Read Engineers of Victory: The Problem Solvers Who Turned the Tide in the Second World War Online

Authors: Paul Kennedy

Tags: #Technology & Engineering, #International Relations, #General, #Political Science, #Military, #Marine & Naval, #World War II, #History

Engineers of Victory: The Problem Solvers Who Turned the Tide in the Second World War (38 page)

Still, many lessons
were
learned from the debacle at Dieppe. Intelligence preparations were inadequate, and it seems that Mountbatten and his staff had pushed ahead with their intentions without the Joint Intelligence Committee knowing about them. How could the planners
not know that a German coastal convoy would be in the same waters that night, or that German forces along the coasts had been put on high alert, with additional machine gun battalions recently brought in to Dieppe itself ? The strength of the German defenses was not properly measured, nor the nature of the terrain appreciated—how exactly would one get a heavy Churchill tank up a steep pebble beach, and even if the vehicles managed to crest such a rise, how would one get them past solid antitank walls without special equipment?
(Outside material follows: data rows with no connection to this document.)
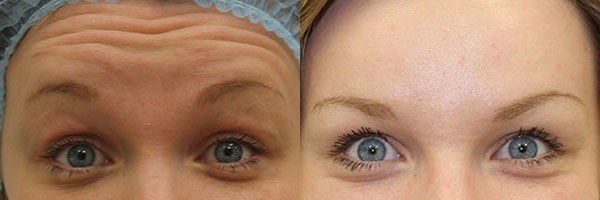 Botox injections in the forehead. Results, photos before and after, consequences, reviews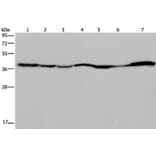 GOT2 Antibody from Signalway Antibody (36511) - Antibodies.com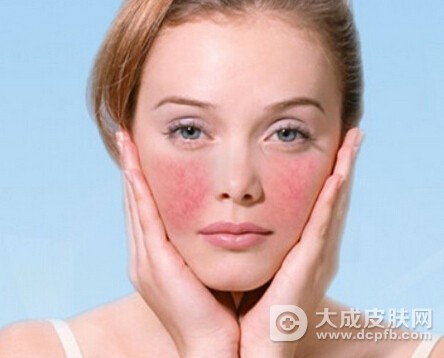 秋季脸部红血丝怎么办 敏感肌肤护理方法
Ship-to-shore movements were clumsy, and few if any of the Canadian commanders had amphibious warfare experience. Landings were late, sometimes in the wrong place. There was no control from offshore, because there was no command ship. Daytime aerial support was inadequate because the RAF did not have full command of the air. There was no preceding heavy bombing by Bomber Command, nor provision made for tactical air strikes. The strength of the naval bombardment was completely inadequate; if 15-inch battleship guns could not make much impact at Gallipoli, why should 4-inch destroyer guns do so off Dieppe? Above all, there was the chief blunder: making the main attack against a heavily held harbor rather than on some less protected part of the coast. If the Allied planners wanted to test the possibilities of seizing a defended port, at Dieppe they got their answer.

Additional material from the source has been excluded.